Prevention and treatment of multiple organ failure syndrome

The pathogenetic basis for the development of MOF syndrome is hypoxia and cell hypotrophy due to impaired respiration, macro- and microhemodynamics.

Measures for the prevention and treatment of MODS are:

· Elimination of infectious-toxic source.

· Removal of toxins using efferent surgery methods.

· Ensuring adequate pulmonary ventilation and gas exchange (often long-term mechanical ventilation).

· Stabilization of blood circulation with restoration of blood volume, improvement and maintenance of heart function.

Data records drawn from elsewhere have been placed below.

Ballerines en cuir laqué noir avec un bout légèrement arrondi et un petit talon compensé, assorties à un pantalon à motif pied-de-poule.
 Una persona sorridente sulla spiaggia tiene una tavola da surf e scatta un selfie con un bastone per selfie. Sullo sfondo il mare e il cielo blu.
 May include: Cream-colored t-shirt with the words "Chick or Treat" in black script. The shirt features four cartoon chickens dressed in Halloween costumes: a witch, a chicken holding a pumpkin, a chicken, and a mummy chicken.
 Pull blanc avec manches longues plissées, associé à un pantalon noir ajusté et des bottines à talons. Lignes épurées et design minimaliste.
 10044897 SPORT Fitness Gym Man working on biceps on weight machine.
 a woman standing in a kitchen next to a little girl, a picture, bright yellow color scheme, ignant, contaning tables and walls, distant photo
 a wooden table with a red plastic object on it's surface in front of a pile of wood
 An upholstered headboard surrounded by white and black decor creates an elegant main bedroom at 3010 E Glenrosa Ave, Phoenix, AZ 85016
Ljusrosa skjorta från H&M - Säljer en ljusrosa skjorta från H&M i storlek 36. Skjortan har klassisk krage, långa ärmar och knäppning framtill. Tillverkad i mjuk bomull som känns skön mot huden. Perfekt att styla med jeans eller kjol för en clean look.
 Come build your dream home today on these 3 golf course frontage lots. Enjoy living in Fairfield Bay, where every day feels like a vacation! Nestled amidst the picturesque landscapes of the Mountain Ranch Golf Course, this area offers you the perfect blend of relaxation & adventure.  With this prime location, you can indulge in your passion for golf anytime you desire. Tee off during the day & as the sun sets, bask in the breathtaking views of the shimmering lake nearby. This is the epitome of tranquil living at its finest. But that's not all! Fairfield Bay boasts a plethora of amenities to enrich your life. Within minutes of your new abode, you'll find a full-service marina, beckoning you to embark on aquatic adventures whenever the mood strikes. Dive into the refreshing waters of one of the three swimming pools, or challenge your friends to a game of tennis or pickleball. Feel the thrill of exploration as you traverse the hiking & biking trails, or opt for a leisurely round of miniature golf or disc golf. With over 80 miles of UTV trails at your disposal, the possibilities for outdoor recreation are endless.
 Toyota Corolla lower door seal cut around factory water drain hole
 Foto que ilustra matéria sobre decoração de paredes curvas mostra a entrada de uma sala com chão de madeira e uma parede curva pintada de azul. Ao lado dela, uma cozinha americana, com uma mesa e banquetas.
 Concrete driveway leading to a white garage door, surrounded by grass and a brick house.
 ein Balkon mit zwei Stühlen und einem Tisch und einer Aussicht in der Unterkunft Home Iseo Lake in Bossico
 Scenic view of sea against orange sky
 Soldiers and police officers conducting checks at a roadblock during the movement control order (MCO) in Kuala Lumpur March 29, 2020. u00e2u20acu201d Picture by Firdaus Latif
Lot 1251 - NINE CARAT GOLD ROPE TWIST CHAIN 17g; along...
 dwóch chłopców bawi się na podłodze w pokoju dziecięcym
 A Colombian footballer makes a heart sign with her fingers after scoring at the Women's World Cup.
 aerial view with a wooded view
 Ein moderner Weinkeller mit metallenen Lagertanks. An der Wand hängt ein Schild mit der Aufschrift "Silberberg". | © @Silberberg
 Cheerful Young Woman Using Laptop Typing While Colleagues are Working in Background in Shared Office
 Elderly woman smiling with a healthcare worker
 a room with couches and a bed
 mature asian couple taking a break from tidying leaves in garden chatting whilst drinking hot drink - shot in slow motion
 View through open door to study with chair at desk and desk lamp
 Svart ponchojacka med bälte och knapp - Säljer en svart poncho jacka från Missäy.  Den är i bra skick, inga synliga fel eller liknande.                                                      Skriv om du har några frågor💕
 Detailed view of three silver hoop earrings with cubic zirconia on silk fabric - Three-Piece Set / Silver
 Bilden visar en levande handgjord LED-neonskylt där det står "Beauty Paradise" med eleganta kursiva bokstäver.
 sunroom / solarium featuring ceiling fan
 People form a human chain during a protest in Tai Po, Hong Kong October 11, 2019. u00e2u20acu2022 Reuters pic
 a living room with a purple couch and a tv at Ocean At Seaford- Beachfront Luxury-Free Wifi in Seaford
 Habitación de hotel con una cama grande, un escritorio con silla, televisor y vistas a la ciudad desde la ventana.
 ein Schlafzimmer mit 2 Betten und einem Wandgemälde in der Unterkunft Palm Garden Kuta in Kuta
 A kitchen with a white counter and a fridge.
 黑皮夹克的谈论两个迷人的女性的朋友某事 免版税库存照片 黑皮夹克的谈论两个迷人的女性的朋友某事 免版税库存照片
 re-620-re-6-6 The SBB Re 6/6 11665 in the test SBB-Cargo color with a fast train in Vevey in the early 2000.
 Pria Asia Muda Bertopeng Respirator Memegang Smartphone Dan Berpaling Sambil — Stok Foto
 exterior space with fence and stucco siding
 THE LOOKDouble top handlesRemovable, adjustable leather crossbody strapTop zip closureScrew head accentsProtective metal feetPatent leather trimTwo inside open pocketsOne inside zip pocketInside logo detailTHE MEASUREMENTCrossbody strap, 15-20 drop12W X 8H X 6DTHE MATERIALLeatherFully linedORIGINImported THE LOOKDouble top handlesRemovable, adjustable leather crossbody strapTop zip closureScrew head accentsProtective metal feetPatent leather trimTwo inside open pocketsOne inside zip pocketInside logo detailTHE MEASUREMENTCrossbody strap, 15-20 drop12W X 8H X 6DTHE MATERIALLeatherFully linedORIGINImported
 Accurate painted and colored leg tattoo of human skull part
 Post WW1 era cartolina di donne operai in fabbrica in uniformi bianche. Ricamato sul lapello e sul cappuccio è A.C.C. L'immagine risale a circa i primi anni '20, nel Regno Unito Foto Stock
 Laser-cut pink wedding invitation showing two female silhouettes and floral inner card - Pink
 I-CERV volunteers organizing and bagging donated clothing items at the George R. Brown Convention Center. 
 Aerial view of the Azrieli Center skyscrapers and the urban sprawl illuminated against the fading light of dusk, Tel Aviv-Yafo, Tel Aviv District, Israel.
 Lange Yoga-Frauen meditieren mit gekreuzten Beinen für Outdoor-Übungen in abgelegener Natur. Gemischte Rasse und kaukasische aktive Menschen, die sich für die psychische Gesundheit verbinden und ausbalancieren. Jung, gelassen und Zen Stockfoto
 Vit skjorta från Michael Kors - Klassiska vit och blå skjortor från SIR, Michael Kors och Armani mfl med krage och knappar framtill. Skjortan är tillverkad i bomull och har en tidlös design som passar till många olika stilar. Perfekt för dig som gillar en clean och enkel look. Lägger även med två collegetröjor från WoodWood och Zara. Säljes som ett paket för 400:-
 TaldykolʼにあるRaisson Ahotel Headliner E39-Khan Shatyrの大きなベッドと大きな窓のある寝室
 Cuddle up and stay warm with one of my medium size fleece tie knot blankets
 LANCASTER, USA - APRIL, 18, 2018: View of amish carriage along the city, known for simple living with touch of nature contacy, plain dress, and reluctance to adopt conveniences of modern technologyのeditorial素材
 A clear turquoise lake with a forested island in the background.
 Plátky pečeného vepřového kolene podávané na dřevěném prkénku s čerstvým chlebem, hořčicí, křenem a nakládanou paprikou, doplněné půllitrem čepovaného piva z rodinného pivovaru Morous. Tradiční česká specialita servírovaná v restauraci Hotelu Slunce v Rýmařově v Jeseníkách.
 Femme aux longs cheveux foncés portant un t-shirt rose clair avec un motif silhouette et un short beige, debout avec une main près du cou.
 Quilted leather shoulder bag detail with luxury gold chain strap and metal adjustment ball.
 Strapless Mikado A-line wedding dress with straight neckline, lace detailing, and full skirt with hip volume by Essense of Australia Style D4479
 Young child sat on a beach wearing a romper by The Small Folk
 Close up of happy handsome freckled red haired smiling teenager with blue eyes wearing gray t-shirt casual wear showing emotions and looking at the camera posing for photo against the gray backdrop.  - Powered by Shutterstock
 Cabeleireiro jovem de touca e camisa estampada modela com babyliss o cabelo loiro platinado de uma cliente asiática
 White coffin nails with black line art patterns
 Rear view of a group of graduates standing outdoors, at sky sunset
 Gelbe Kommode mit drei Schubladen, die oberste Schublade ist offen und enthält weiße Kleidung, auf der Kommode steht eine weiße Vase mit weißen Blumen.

Normalization of microcirculation in organs and tissues.

· Correction of protein, electrolyte, acid-base composition of blood.

· Parenteral nutrition.

Restoration of gastrointestinal function

The most effective way to restore gastrointestinal motility is intestinal decompression with a transnasal probe followed by rinsing it.

Normalization nervous regulation and restoration of intestinal muscle tone is achieved by replenishing protein and electrolyte imbalances. After which it is possible to use anticholinesterase drugs (prozerin, ubretide), ganglion blockers (dimecoline, benzohexonium).

For MOF, the use of forced diuresis, hemodialysis, plasmapheresis, hemofiltration through pig organs (liver, spleen, lungs), mechanical ventilation, and HBO is indicated.

HBOT is capable of stopping all types of hypoxia that develop during peritonitis, helps to accelerate the reduction of bacterial contamination of the peritoneum, and enhances the motor-evacuation function of the intestine.

Hemosorption, lymphosorption, plasmapheresis and other detoxification methods cannot be considered as independent methods of treating peritonitis that provide significant advantages.

It is necessary to place emphasis on the prevention of endotoxemia using methods to combat residual infection ( surgical methods and antibacterial therapy).

Most low indicators mortality is achieved with the use of planned laparosanations (20%).

According to inst. Them. Vishnevsky in the treatment of a homogeneous group of patients with peritonitis of appendicular origin with closed drainage years = 24%, with staged lavage 12%. The frequency of abscesses during dialysis and drainage = 27 and 26.6%, with staged washing - 4%. The frequency of sepsis with staged lavage is 12.2%, with drainage and lavage the same - 31%.

In case of widespread purulent peritonitis, a median laparotomy, evacuation of exudate, and elimination of the source of peritonitis are sequentially performed. Exudate, bile, pus, urine, gastric and intestinal contents are removed using an electric suction, the source of infection is isolated with large napkins and eliminated.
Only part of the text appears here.